A century ago, Rosa Luxemburg stated that the historical dilemma humankind faced at that time was either socialism or barbarism. The current global crisis underscores emphatically the need to create the objective and subjective conditions to guarantee a solution that enriches and projects the best of human experience from the last centuries. It is a responsibility incumbent upon the progressive forces to immediately create a resolute programme which will permit political consolidation, while at the same time blocking the emerging neo-fascist agenda and opening the way for major transformations.

The profound changes of economic processes and social powers which have led to the enthronement of financialisation during the latest stage of capitalism have provided a series of particular challenges for the political actions of the progressive forces within the scope of the current crisis. A certain euphoria among critics of the system notwithstanding, it is important to acknowledge the strong presence of reactionary tendencies all over the world in a network of ideological, political and financial allegiance led by those who, for the time being, are the major beneficiaries of the crisis: a small Anglo-Saxon oligarchy tied to speculative, military and energy interests. Ironically the same social actors who are largely responsible for the current crisis have gradually learned from history how to use the destructive expansion of the profound processes currently in motion for their advantage.

Even if a scrutiny of the internal mechanisms of capitalism regularities which have led to the present crisis reveals that only systematic transformations of great depth can provide a solution to the depressive trends, it is necessary to assess that the tremendous centralisation of capital and power over the past decades, which has been aggravated over the past months, characterises rather distinct profitability priorities. Facing the crisis, war is the simplest, cheapest and most profitable solution for those mafias. Therefore we must not only analyse the crisis of capitalism, but also the capitalism of crisis.

A recovery of production and labour dynamics will require more than structural changes of institutions and economic policies (modes of regulation), or changes in the dynamics of income distribution and the alignment of investment (regime of accumulation). Rather, it will be necessary to advance productive logics and social priorities that go beyond the law of profit (mode of production) and require the transformation of production and consumption paradigms (mode of life). No deterministic mechanism can lead to that kind of solutions. Historical progress will only be possible if we, as progressive powers, immediately initiate at the global level a swift, adequate and flexible coordination process towards a realistic and technically accomplishable programme of change, which can bring together the broadest-ranging array of forces committed to peace and progress.
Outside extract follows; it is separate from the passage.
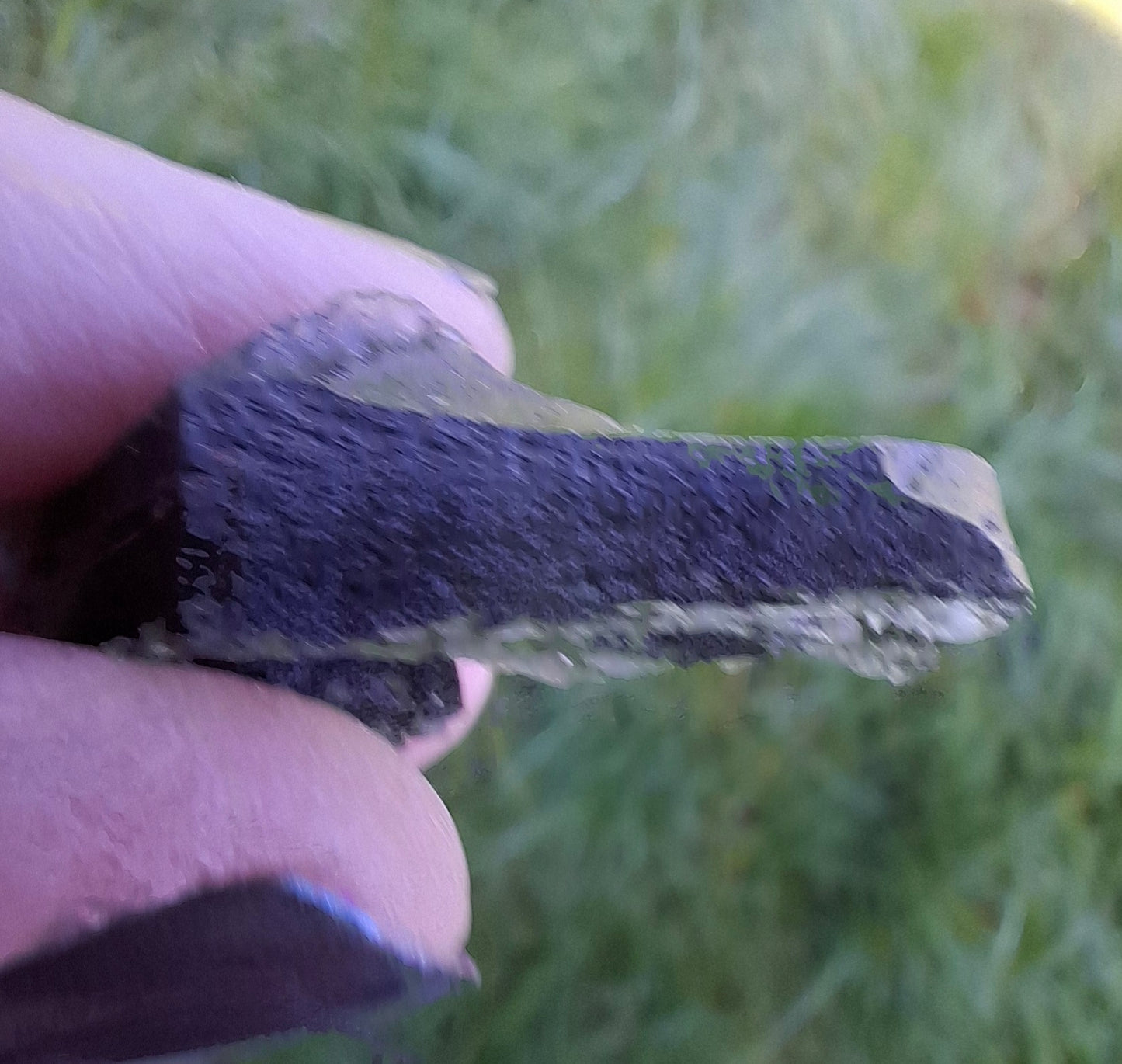 Moldavite Piece, NESMEN, 8.90g, Tektite (Ref: 1374)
Objective and subjective conditions

In this enduring situation, the issue of the historical subject is gaining increasing importance. The violent development of the crisis requires real action on the part of every human being. The dehumanisation of circumstances seems to be increasingly omnipresent. The crisis exacerbates the mercantile fetish of seeing the economic world as alien and immune to human volition. This attitude underscores the need for the effective creation of capacities to act within the scope of the crisis, in particular with regard to what is owed to the nations of the southern hemisphere, which during the last decades have fallen victim to a systematic process of institutional cutbacks and macroeconomic debilitation.

The present financial struggle could reach dramatic proportions, transgressing the scope of rationality established over the course of centuries. The decisions made by ever more powerful, yet minuscule elites affect the lives of millions, including matters of life and death.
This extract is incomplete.